Dr. Anna Westbrook is NYU Sydney’s lecturer in Creative Writing. Anna was shortlisted for the prestigious Australian/Vogel Literary Award for unpublished manuscripts by writers under the age of 35, and next year will publish a novel, The Quiet Noise. She shares a recent experience below.
‘If I feel physically as if the top of my head were taken off, I know that is poetry.’
– Emily Dickinson
This past semester, in the first week of April, NYU Sydney Creative Writing students heard guest lecturer Dr. Tamryn Bennett, Education Manager for the Red Room Company, talk about comics poetry and her innovative work that spans Australia, Mexico, and the United States. Tamryn gave us a vivid introduction to our fortnight’s focus on poetry. She explored the concrete and haptic tradition of the line from its Futurist origins to its current playful and irreverent incarnation in zines, comics, and street art. Tamryn appeared with a Mary Poppins bag of treats: visual and tactile examples of the ‘aliveness’ of poetry, represented by both commercial and DIY published morsels and anthologies from around the world.

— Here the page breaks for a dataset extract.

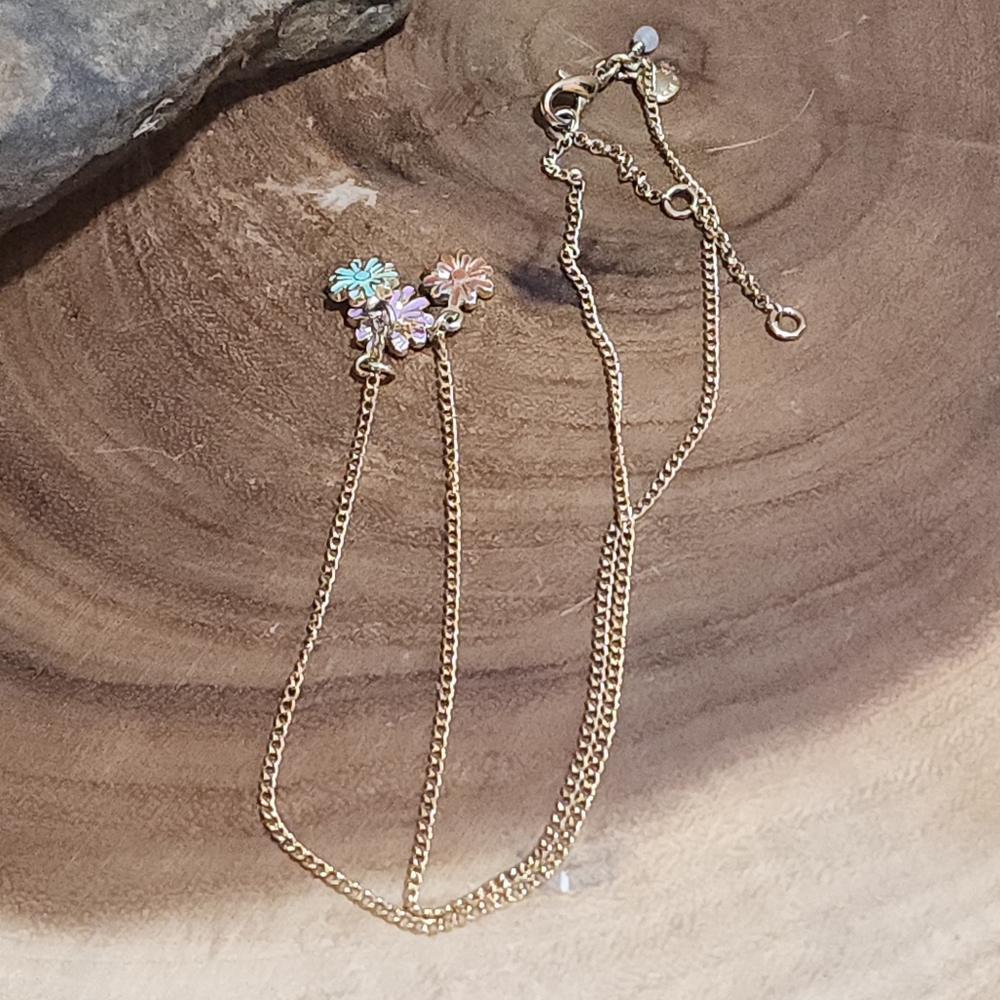 Vintage Crew Cuts Daisy Charm Necklace - Picture 7 of 10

In this class students explored a variety of poetic form. We experimented with cento, haiku and letter poems, and watched clips of spoken word. We talked about poetry’s power to evoke the personal and the political, as well as the aesthetic sublime. Tamryn’s organisation, The Red Room, made and updates a free-to-download app called ‘The Disappearing’ that “maps Australia to things lost or being lost”, which features Australia’s best known and emerging poets writing poems about places in flux that resonate to them, mapped out with drop pins and cartographically navigable. Students went on a field trip in the Rocks (Australia’s site of British colonisation), near NYU Sydney’s campus, and there discovered the significance of the area through poetic imagining – historic and contemporary. Students were tasked to write their own site-specific poem in response to their surroundings.
Before we left the classroom, Tamryn provided every student with a flat stone on which to write something, and leave in a place of their choosing (conspicuous or inconspicuous), to augment or disrupt peoples’ experience of the corporate, urban, central business district of Sydney. Through this activity students learnt about the power of the word, the significance of poetry to cultural efficacy, and became more aware of and practiced in their own tools of expression. Witnessing the ways in which words can be activated and invigorated, on and off the page, we learnt about how words may take our scalps off; the turns of words that are the axe for the frozen sea within us.